• **Exercise objective**: In the listing that follows, give every line again exactly and omit the pictures.

• **Exercise input**:
#####

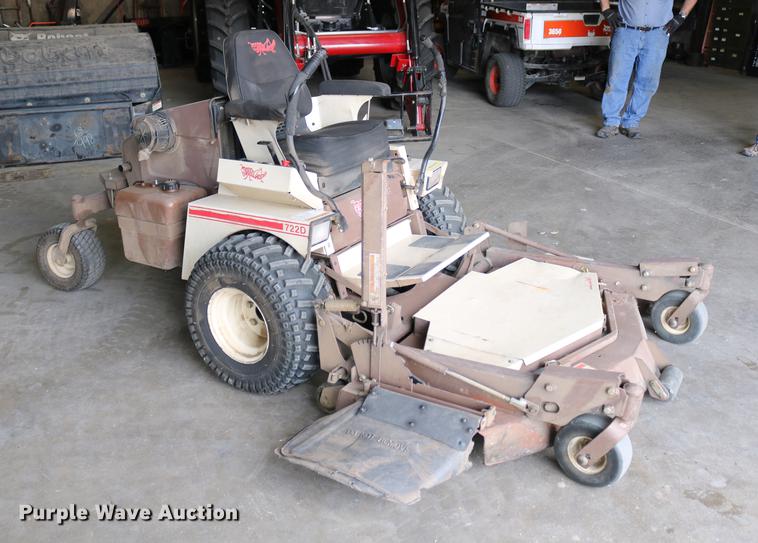 image for item EW9079 Grasshopper 722D2 ZTR lawn mower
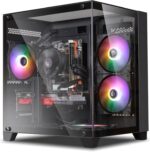 Prebuilt Gaming PC Desktop Computer,Intel Core i5 Desktop,Operating at A Frequency of 3.2-3.6 GHz,RX550 Graphics Card with 4GB GDDR5 Video Memory,16GB RAM, 512GB NVME SSD,WiFi5,RGB Fan x4 Windows 11 - Image 8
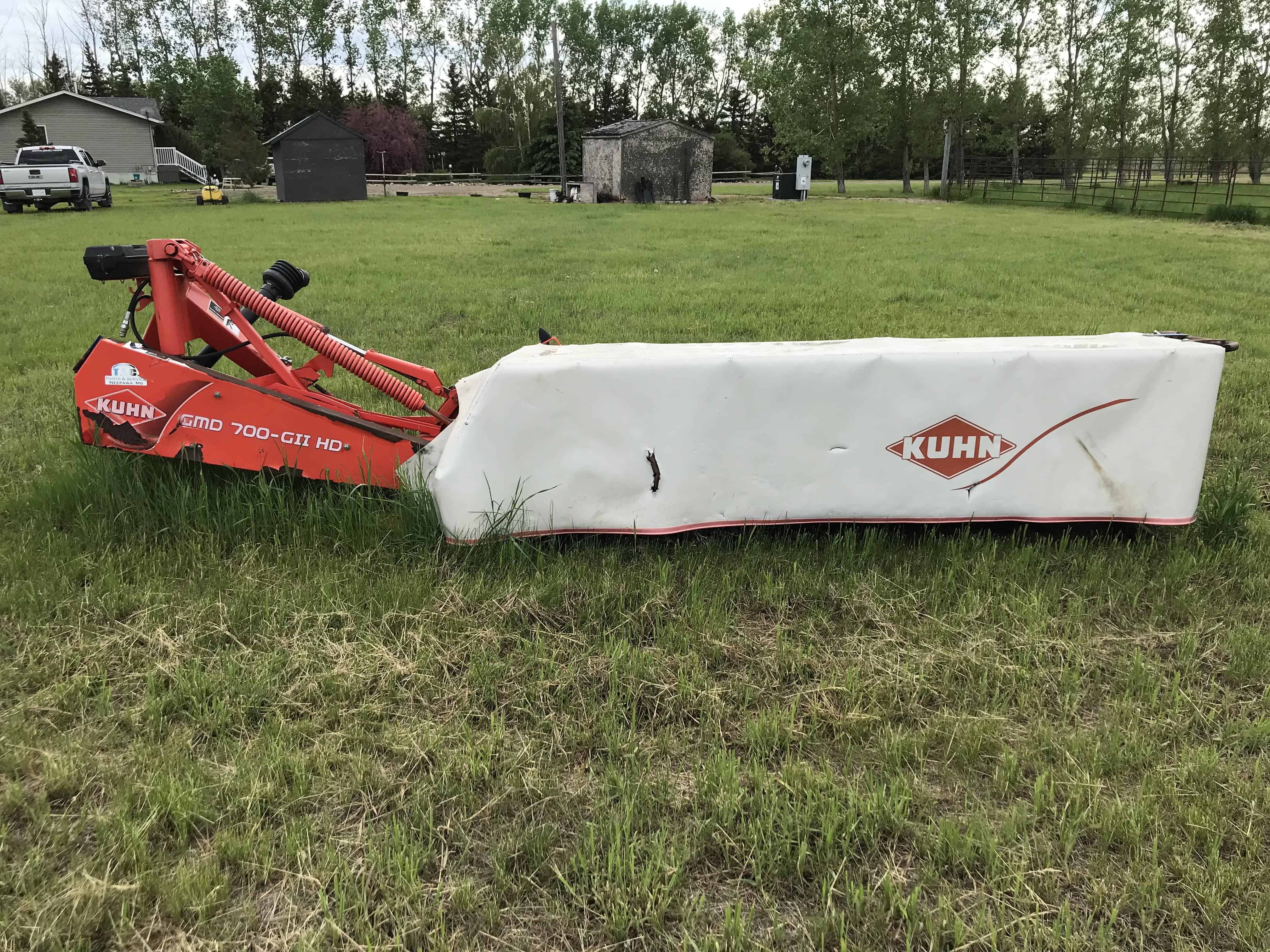Kuhn GMD 700G II HD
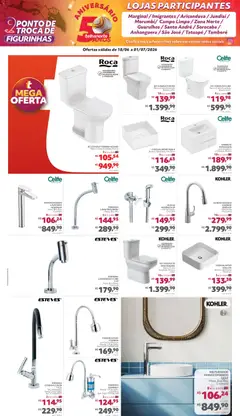 Telhanorte - Ofertas atuais - Pré-Visualização do folheto da loja Telhanorte, válido de 18/06/2026 | Página: 9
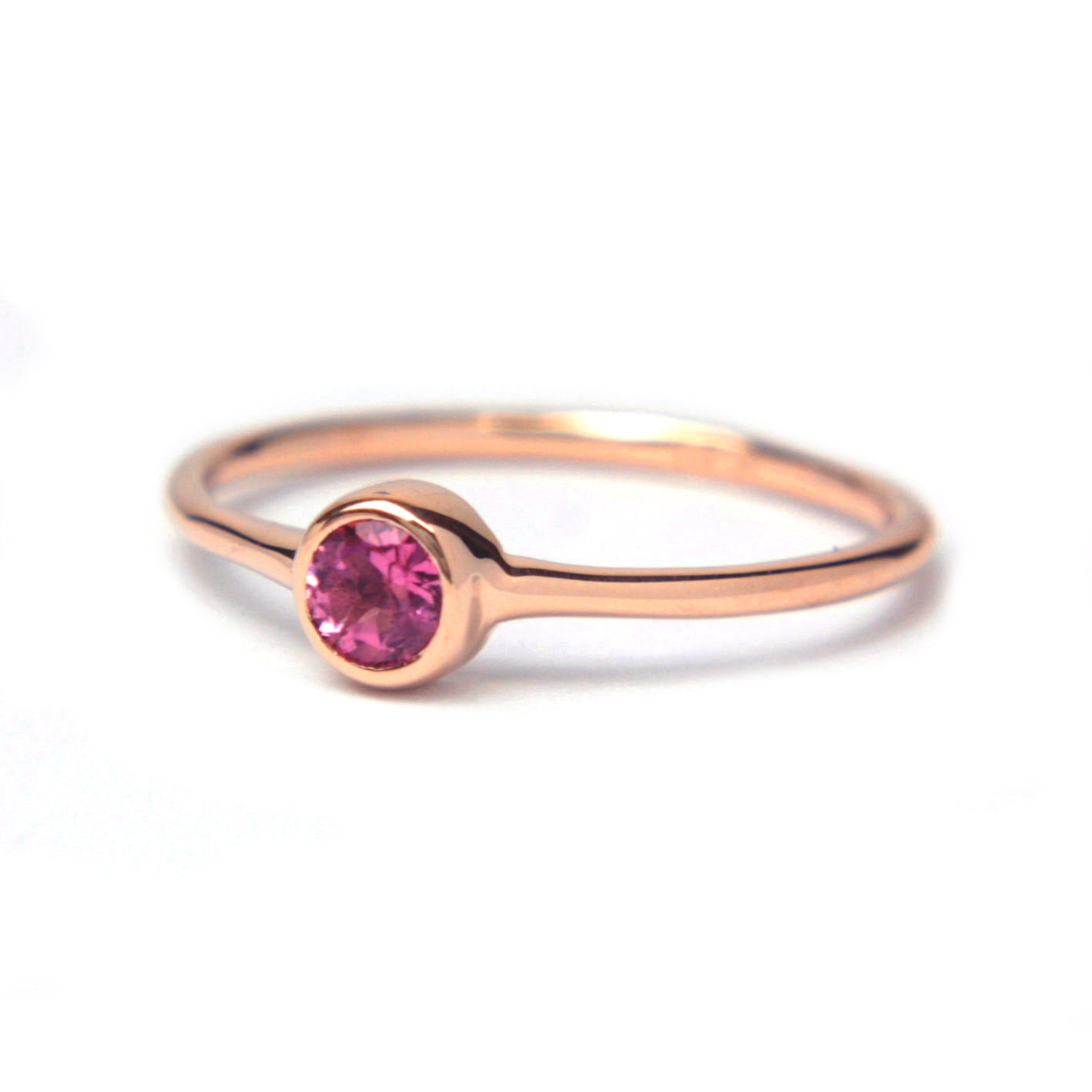 Tourmaline 14k Gold Ring - MANARI.eu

#####

• **Written solution**:
 image for item EW9079 Grasshopper 722D2 ZTR lawn mower
 Prebuilt Gaming PC Desktop Computer,Intel Core i5 Desktop,Operating at A Frequency of 3.2-3.6 GHz,RX550 Graphics Card with 4GB GDDR5 Video Memory,16GB RAM, 512GB NVME SSD,WiFi5,RGB Fan x4 Windows 11 - Image 8
Kuhn GMD 700G II HD
 Telhanorte - Ofertas atuais - Pré-Visualização do folheto da loja Telhanorte, válido de 18/06/2026 | Página: 9
 Tourmaline 14k Gold Ring - MANARI.eu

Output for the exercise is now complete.